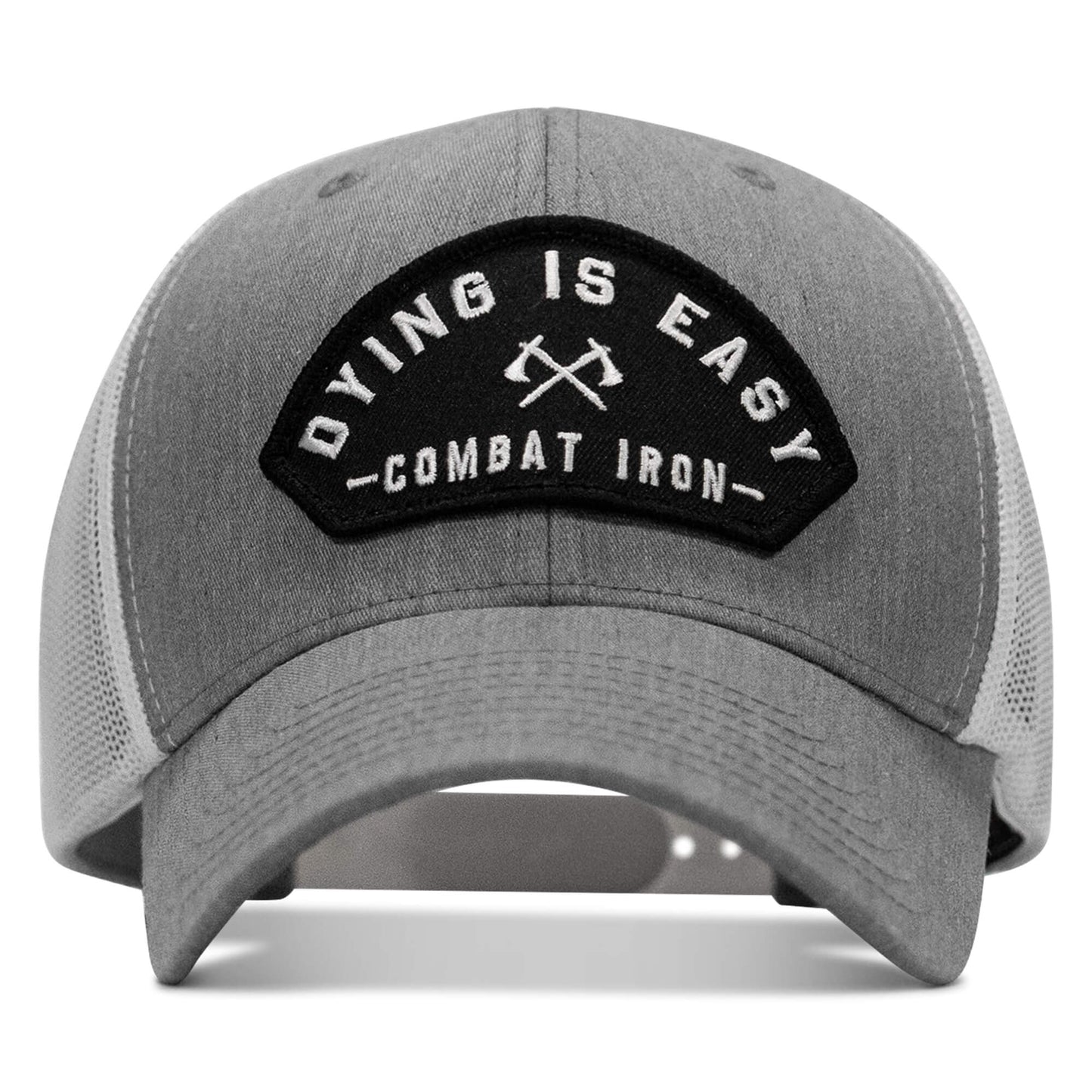 Dying Is Easy Arched Patch Snapback Hat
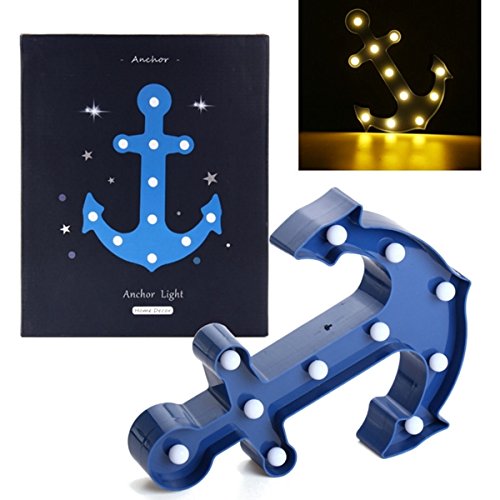 MASUNN Cute Marquee Anchor 11 Led Nachtlicht Batterie Lampe Baby Kinder Schlafzimmer Home Decor MASUNN Cute Marquee Anchor 11 Led Nachtlicht Batterie Lampe Baby Kinder Schlafzimmer Home Decor von MASUNN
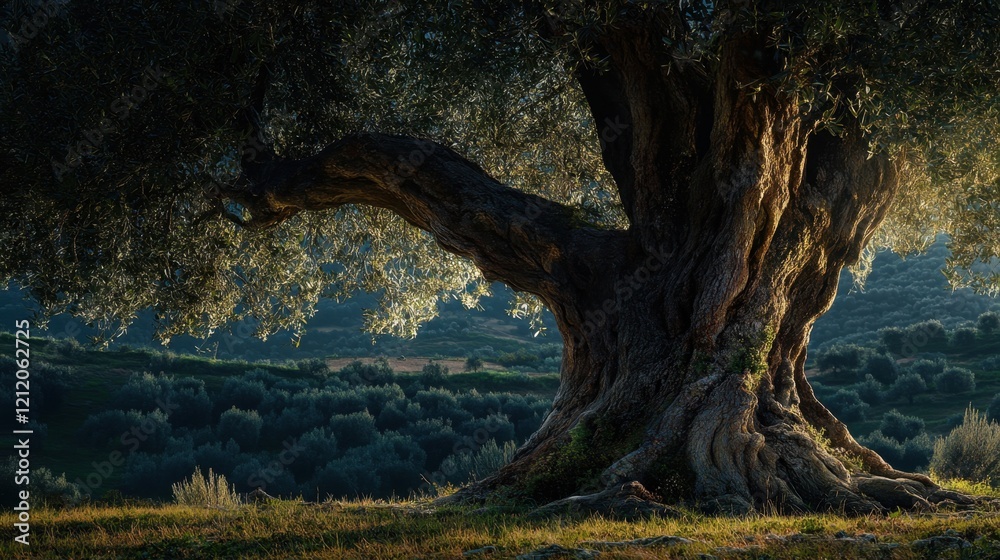 Fototapeta premium Ancient Tree Roots In A Forest 
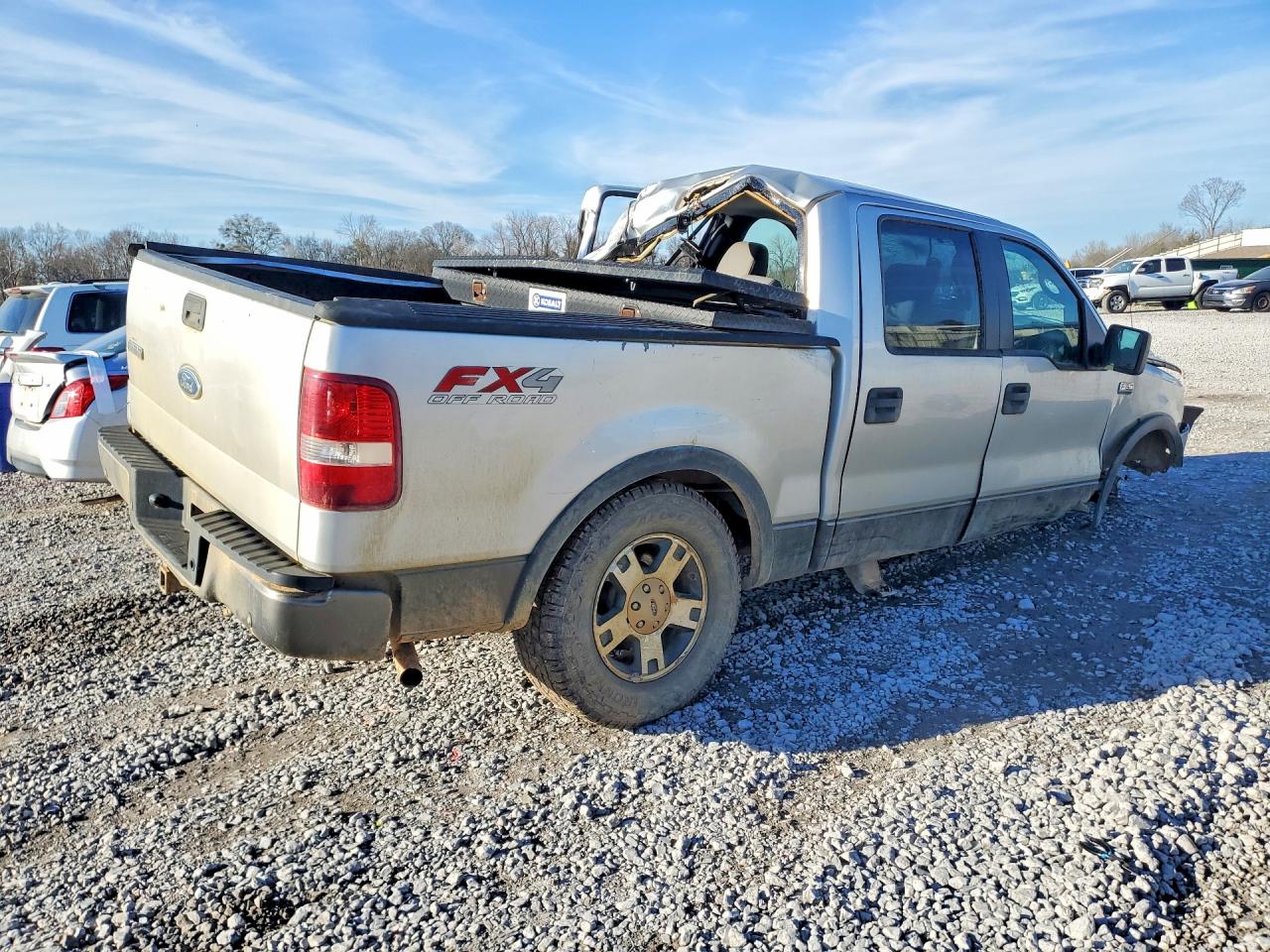 2005 Ford F150 Supercrew Silver vin: 1FTPW14545FB63473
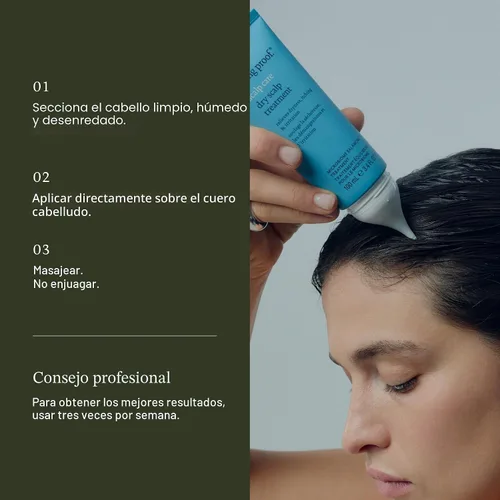 Vista 5 de Cuidado del cuero cabelludo seco Tratamiento del cuero cabelludo 3.4 Oz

Instructions for the task:
Restate word for word the lines beginning with the one that contains "Fototapeta premium Ancient" and ending with the last line of the listing; pictures stay out.

Response to the exercise:
 Fototapeta premium Ancient Tree Roots In A Forest 
 2005 Ford F150 Supercrew Silver vin: 1FTPW14545FB63473
 Vista 5 de Cuidado del cuero cabelludo seco Tratamiento del cuero cabelludo 3.4 Oz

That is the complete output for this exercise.